Our plug-in will involve creating an about box for our host application. It is a fairly simple example, but is useful for those of you who would want to show the current version of your application or whatever else you think would work with it. Before we build this example, let's summarize what we've covered so far.
So far we've covered the creation and use of packages, as well as their components. Then we discussed how to use the routines stored in a package from the main application.
We have not talked about the differences between packages and DLL files, so let's do a quick comparison. This might help you when deciding which method to use when creating a plug-in.
Packages are specific to Delphi i.e they only work with applications that are written in Delphi.

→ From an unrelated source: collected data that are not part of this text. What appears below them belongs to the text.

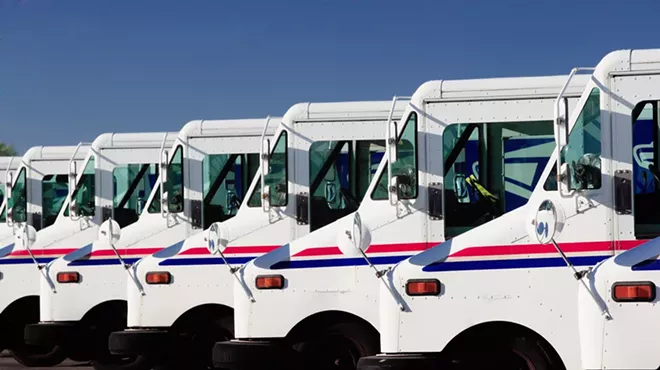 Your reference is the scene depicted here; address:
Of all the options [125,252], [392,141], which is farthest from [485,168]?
[125,252]

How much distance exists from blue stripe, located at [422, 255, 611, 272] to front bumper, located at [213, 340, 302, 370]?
2.26 metres

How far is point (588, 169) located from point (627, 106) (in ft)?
1.63

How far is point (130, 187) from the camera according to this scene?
16.3m

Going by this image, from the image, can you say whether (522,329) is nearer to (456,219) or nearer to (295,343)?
(456,219)

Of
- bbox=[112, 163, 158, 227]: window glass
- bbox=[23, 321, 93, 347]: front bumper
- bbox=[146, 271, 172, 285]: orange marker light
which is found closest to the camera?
bbox=[146, 271, 172, 285]: orange marker light

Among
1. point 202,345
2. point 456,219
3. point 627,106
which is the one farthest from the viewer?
point 202,345

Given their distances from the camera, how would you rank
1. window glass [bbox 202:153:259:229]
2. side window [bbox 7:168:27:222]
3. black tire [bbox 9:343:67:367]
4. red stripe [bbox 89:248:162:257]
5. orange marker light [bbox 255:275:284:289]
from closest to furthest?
orange marker light [bbox 255:275:284:289] → window glass [bbox 202:153:259:229] → red stripe [bbox 89:248:162:257] → black tire [bbox 9:343:67:367] → side window [bbox 7:168:27:222]

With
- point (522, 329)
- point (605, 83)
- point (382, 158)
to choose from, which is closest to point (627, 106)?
point (605, 83)

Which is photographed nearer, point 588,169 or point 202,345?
point 588,169

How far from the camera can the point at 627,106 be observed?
9609 mm

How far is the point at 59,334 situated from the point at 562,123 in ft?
25.7

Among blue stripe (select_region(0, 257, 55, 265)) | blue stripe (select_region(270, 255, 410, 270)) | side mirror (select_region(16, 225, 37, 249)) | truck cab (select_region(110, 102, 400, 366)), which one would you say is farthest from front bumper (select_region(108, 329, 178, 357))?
blue stripe (select_region(0, 257, 55, 265))

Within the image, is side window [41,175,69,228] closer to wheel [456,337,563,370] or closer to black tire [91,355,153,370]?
black tire [91,355,153,370]

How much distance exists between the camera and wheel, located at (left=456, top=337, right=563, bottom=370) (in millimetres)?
9891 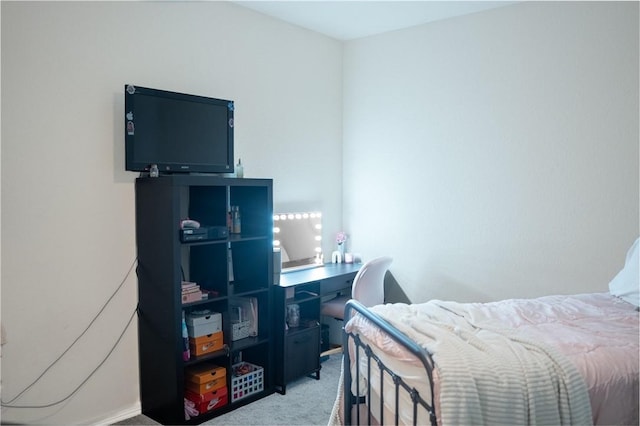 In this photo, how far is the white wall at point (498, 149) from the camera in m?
3.10

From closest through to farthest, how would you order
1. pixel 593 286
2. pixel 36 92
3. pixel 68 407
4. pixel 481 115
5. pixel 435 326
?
pixel 435 326 → pixel 36 92 → pixel 68 407 → pixel 593 286 → pixel 481 115

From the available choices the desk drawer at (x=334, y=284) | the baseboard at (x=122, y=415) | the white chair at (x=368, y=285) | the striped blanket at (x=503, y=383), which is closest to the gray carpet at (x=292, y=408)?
the baseboard at (x=122, y=415)

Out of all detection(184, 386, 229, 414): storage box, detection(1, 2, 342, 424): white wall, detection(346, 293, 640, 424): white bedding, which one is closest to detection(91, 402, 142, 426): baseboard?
detection(1, 2, 342, 424): white wall

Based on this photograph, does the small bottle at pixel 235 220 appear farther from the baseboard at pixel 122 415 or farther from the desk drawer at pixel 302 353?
the baseboard at pixel 122 415

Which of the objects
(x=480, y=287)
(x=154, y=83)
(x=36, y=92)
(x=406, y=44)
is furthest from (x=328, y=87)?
(x=36, y=92)

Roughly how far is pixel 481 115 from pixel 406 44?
2.80 feet

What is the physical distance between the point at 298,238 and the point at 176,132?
4.43ft

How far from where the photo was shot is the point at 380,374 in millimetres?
2047

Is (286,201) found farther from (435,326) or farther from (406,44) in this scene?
(435,326)

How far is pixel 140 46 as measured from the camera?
297 centimetres

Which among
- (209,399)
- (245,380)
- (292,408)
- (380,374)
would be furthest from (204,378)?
(380,374)

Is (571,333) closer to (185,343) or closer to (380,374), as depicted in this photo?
(380,374)

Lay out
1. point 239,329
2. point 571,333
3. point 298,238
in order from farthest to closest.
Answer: point 298,238
point 239,329
point 571,333

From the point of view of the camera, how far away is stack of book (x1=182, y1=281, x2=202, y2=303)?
2844 millimetres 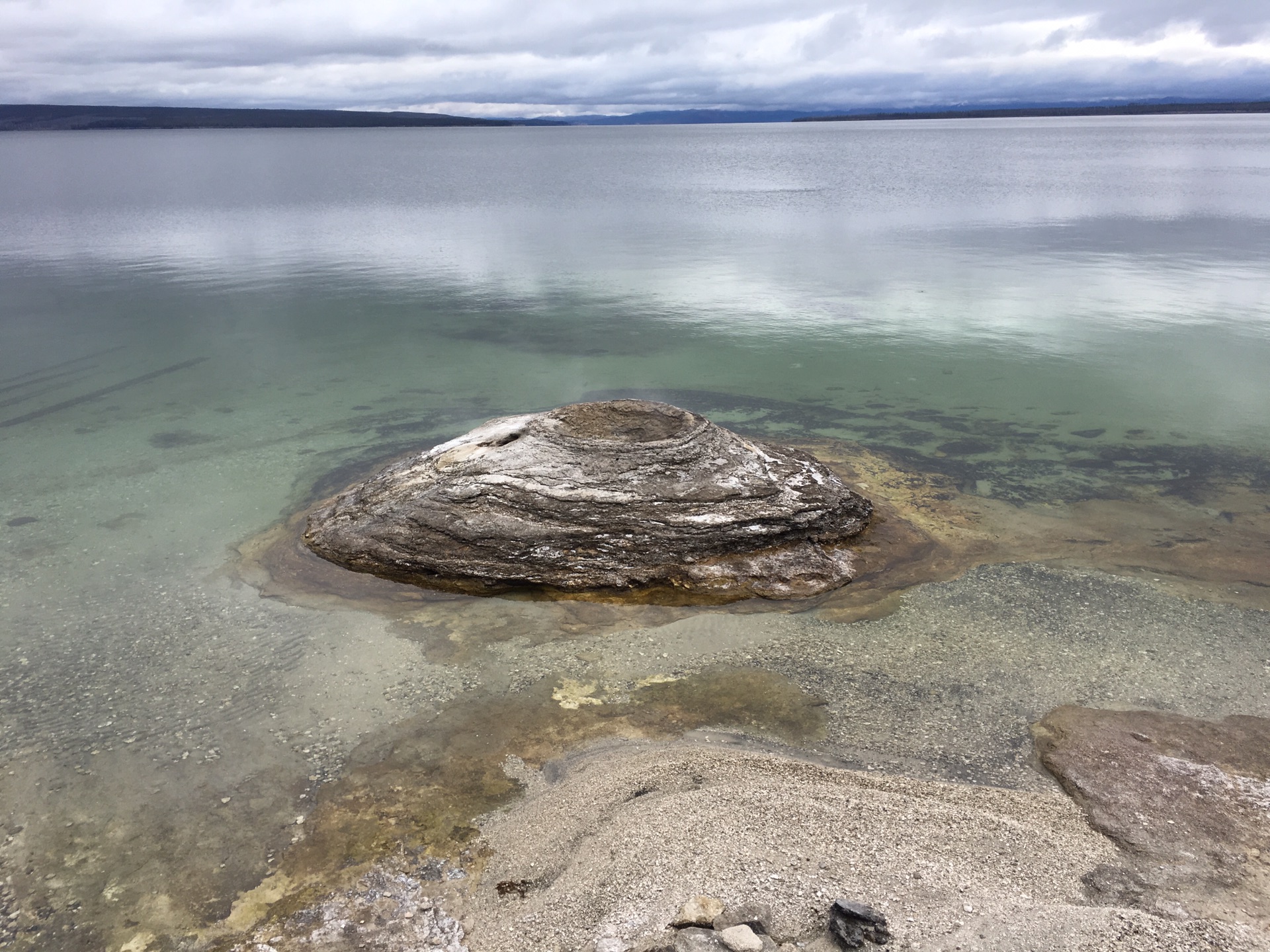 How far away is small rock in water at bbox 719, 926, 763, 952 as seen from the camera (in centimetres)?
412

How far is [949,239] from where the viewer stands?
30219 mm

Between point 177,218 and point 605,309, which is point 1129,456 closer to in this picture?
point 605,309

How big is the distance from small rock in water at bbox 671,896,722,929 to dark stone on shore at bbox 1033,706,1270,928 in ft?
7.20

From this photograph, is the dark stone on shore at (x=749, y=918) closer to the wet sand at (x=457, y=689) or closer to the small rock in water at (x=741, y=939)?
the small rock in water at (x=741, y=939)

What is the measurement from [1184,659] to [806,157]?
90.6 metres


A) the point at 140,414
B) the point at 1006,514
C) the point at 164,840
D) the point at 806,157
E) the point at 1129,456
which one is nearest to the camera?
the point at 164,840

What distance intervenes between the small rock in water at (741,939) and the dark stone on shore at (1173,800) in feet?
6.81

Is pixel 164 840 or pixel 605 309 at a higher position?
pixel 605 309

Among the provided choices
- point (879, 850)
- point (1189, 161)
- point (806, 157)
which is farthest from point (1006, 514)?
point (806, 157)

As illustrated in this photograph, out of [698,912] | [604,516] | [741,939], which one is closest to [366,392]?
[604,516]

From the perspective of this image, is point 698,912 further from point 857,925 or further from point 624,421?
point 624,421

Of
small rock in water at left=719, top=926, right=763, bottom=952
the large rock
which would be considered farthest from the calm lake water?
small rock in water at left=719, top=926, right=763, bottom=952

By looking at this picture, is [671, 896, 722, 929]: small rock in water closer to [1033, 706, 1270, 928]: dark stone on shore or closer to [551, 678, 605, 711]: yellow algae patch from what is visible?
[1033, 706, 1270, 928]: dark stone on shore

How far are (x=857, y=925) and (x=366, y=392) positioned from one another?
13.3 m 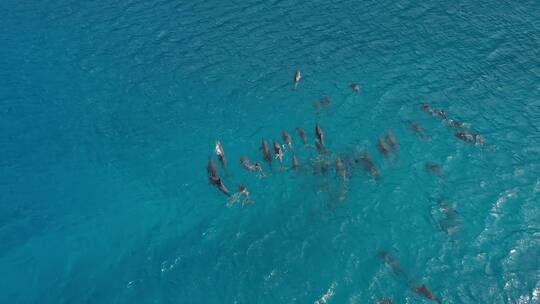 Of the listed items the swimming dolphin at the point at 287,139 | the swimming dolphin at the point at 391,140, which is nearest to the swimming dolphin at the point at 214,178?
the swimming dolphin at the point at 287,139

Packages enable you to store Delphi classes, forms and more importantly, components.
Because of dynamic linking, packages can save you memory, because only one copy of the VCL is loaded into memory. This makes it available to all Delphi applications that use run-time packages. Imagine that every single Delphi application on your computer had to load VCL in memory -- it would take a lot of memory!
Packages are version specific, i.e you cannot use a package that you created in Delphi 6 with an application that you built with Delphi 7.
DLLs enable you to store procedures and functions, as well as entire Delphi forms, but they cannot store Delphi components.
DLLs can be used by any application whether they are written in Delphi or not, unlike packages which are specific to Delphi applications.
When updating a DLL, you simply change your routines (or whatever), recompile the DLL and ship it off; all the applications that were using this DLL will still be able to use it. You cannot do this with packages without changing the executable, as they are version specific. So if you want to ship a new version of a package, you will have to change the executable using it as well. It would be an absolute pain if your package is used by several applications!
So now you have a better idea of how the two methods compare. The next step is for you to experiment with the two technologies to make your applications truly extensible.